Load Dataset

nba <- read.csv("nba.csv")

Unclear Columns (Before Documentation)

The first column labled ‘bbrID’ could be confusing before knowing that most of the data is being pulled from basketball-reference.com. Without reading the documentation, one might not realize that these encoded values represent real players in the NBA.

The ‘GmSc’ column could also be misleading since GM usually stands for General Manager in NBA terms and even if you did know it was an abbreviation of Game Score, one might assume that the values are just points rather than realizing the complexity of the statistic.

Still Unclear (After Documentation)

One thing that still remains uncertain even after going through the documentation is how exactly the moving average window is applied across career boundaries in certain cases. How are rookies handled? What about players with shorter careers? Are the playoffs included?

Visualization 1 (GmSc vs Unexpectedness Scatterplot)

nba <- read.csv("nba.csv")

nba |>
  ggplot(aes(x = GmSc, y = GmScMovingZ)) +
  geom_point(size = 2, alpha = 0.7) +
  theme_minimal() +
  labs(
    title = "Game Score vs Statistical Unexpectedness",
    x = "Game Score",
    y = "Game Score Moving Z"
  )

This scatterplot explores the relationship between a player’s gamescore on a certain night and how statistically unexpected the performance is. Most of the super high gamescores do not have extreme z-score values, showing that these are usually performances from NBA superstars. Some moderate gamescores have extremely high z-scores, which likely represent ordinary players that overperformed in a major way. This confirms that unexpectedness is not always equivalent to raw performance data.

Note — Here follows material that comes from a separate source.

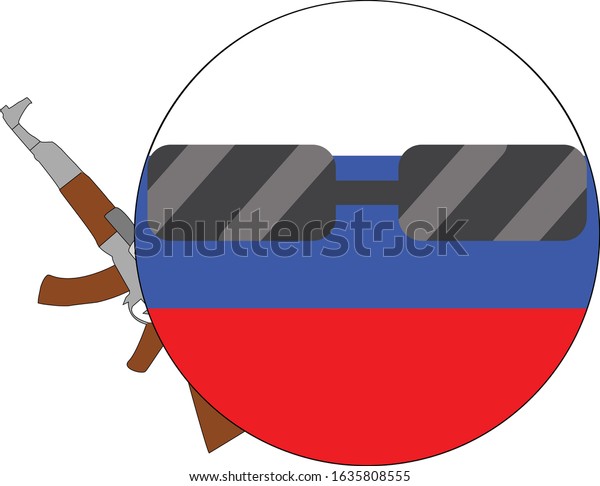 Bangkok Thailand 3001 Cool Russia Flag Stock Vector Royalty Free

The true statistical outliers would be difficult to identify if only GmSc was taken into account.

Visualization 2 (Playoffs vs Regular Season Unexpectedness)

nba |>
  ggplot(aes(x = Playoffs, y = GmScMovingZ)) +
  geom_boxplot(fill = "steelblue", alpha = 0.7) +
  theme_minimal() +
  labs(
    title = "Unexpectedness in Playoffs vs Regular Season",
    x = "Playoffs",
    y = "Game Score Moving Z"
  )

This boxplot compares the distribution of regular season and playoff performances based on how unexpected they are using the z-scores. While there is obviously a larger range in the regular season values and more outliers due to the sheer amount of games played during this time period, the playoff distribution is fairly similar just on a smaller scale. The fact that the ratios are even similar at all shows that unexpected performances are just as likely to happen in a more competitive game with higher stakes and maybe even more so. One risk is that if playoff games have different variance patterns, then the moving window approach could affect bias in z-scores.

Categorical Column Checks

Date: While there are no explicitly missing rows in this dataset, there are plenty of implicitly missing rows since an unexpected performance in the NBA does not occur everyday.

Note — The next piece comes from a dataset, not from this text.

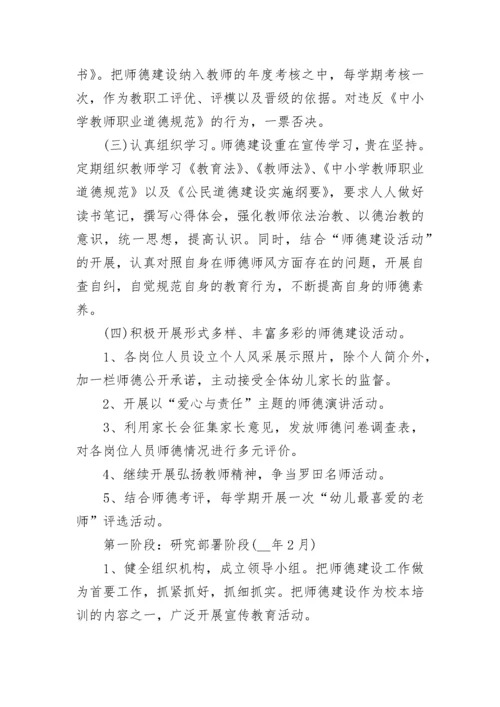 幼儿园师德师风建设活动方案.docx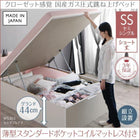 ガス圧 ベッド 跳ね上げ セミシングル ショート丈 深さグランド組立設置付 薄型スタンダードポケットコイル 縦開き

Season/Playoffs: There are also no explicitly missing rows in either of these columns. There could be implicitly missing rows for players that have had multiple unexpected performances since this dataset only includes their highest one. There might be empty groups for certain seasons where there are no unexpected performances that happened during the playoffs. I will check for those below:

nba |> 
  count(Season, Playoffs) |> 
  complete(Season, Playoffs, fill = list(n = 0))
## # A tibble: 76 × 3
##    Season  Playoffs     n
##    <chr>   <chr>    <int>
##  1 1984-85 false        5
##  2 1984-85 true         0
##  3 1985-86 false       15
##  4 1985-86 true         0
##  5 1986-87 false       14
##  6 1986-87 true         1
##  7 1987-88 false       22
##  8 1987-88 true         0
##  9 1988-89 false       21
## 10 1988-89 true         0
## # ℹ 66 more rows

Since some seasons have no playoff games recorded, the comparison of “unexpectedness in playoffs vs regular season” could be misleading.

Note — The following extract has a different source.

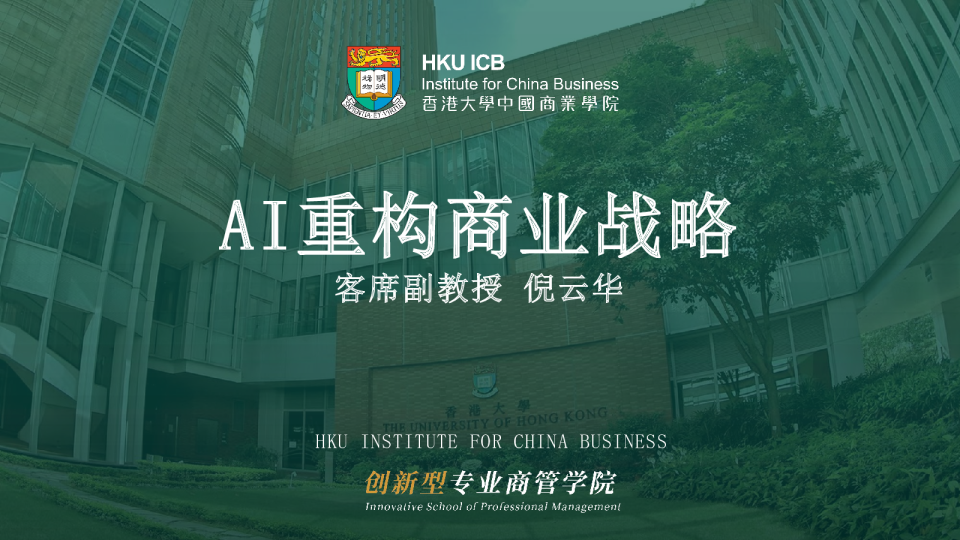 AI重构商业战略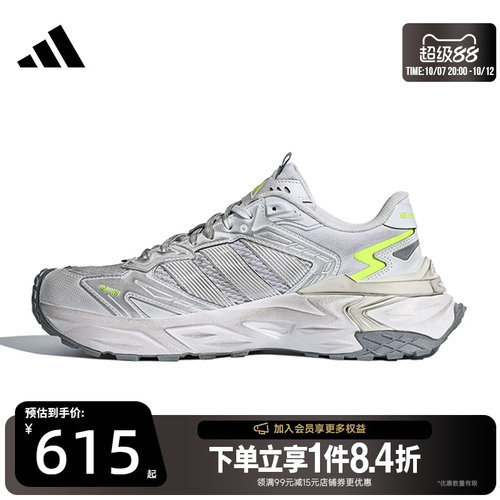 阿迪达斯运动训练跑步鞋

Continuous Column Outliers (GmScMovingZ)

hist(nba$GmScMovingZ)

quantile(nba$GmScMovingZ, probs = c(0.01, 0.99), na.rm = TRUE)
##     1%    99% 
## 2.4502 5.5398

I would define performances that have a GmScMovingZ below 2.5 above 5.5 as outliers because there is a significant dropoff in performances that are outside of that range as you can tell by the histogram and these numbers also roughly represent the 1st and 99th percentile of z-scores within the dataset.

It is important to note that the moving z-score range in this dataset is much different than most normal distributions because all of the performances are technically outliers since they are considered unexpected compared to the rest of each player’s games in terms of their statistical averages. This is significant because it would probably be confusing for someone that was trying to analyze the data without reading any of the documentation beforehand. This is not just about the best performances, it is about statistical surprise. If you skipped the documentation and went straight into the dataset, your entire analysis would likely be wrong. One question I have is how exactly will this affect my work going forward? What is the best way to approach a dataset full of outliers like this?